Unbridled Danger is a hard knocking horse who miraculously didn’t end up getting listed in Patrick’s weekly casualty reports. The grey gelding was being abused through pure greed and ignorance. I’m sure he lives in pain everyday. Now he will at least live out his days at Arkindale, which is one of the most beautiful and accommodating rescues in the country. It will not make up for his pain or his 113 starts. However it is good to know that he will never be abused or in an insecure situation again.
“This business will never change as long as it exists”. ABSOLUTELY. THAT is reality.
Robert Young, owner and trainer of Unbridled Danger for several years, started the horse 22 times in one year and 18 times each of the following 2 years. The comments section more often than not said “tired” ! That poor horse started every 16 days, approximately, for 7 straight years. No wonder he was “tired” and more than likely sore. Now he is not even fit for light riding and it is a wonder he is even able to walk. Racing destroyed him !
My point is that this kind of abuse is perfectly acceptable in racing. It shows there are no rules concerning horse welfare. Nobody is looking out for the horse and that is wrong.
How right you are, Rose…the abuse Unbridled Danger endured was acceptable by the industry. He was Young’s “property”, was at Young’s mercy, and no one in the industry gave a damn. As far back as January of 2009, another rescuer and I were watching over him. Young was even offered 5K for UD which he turned down.
Think about where he once was…with Gary Contessa at Belmont, Saratoga…everyone all smiles and finding their excitement and joy in this “sport” they love.
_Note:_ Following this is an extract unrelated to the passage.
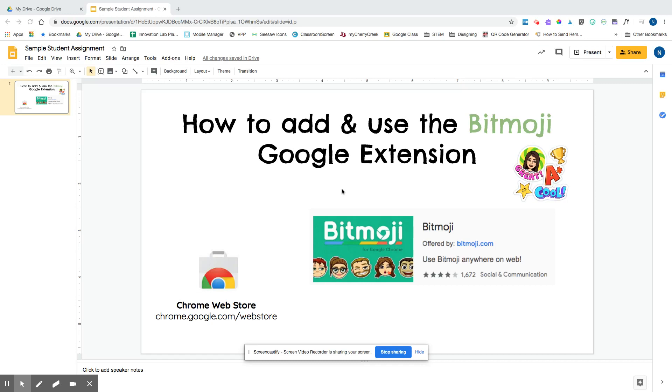In this video tutorial, I'm going to show you how to add and use the Bitmoji Google extension.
Now look where Unbridled Danger is.
You are absolutely correct, Susan… I cannot thank someone who fully supports a gambling industry that causes such extreme equine suffering and abuse. And yes, you and I will never agree, at least where it pertains to horseracing…you support it, I do not.
I will be in awe, as well, if/when racing is abolished. We (not just I, Susan) are fully aware of the tremendous obstacles, many of which come in the form of “friendly fire” – “racehorse advocates” who support the industry. Yet I am honored to be part of an assembly that will not compromise what they know is right for the horses, no matter how impossible the task appears. Until not ONE MORE racehorse is exploited, maimed, destroyed, disposed of, slaughtered…
Well Joy we have found a small patch of common ground. And there is enough work to go around that it takes many hands.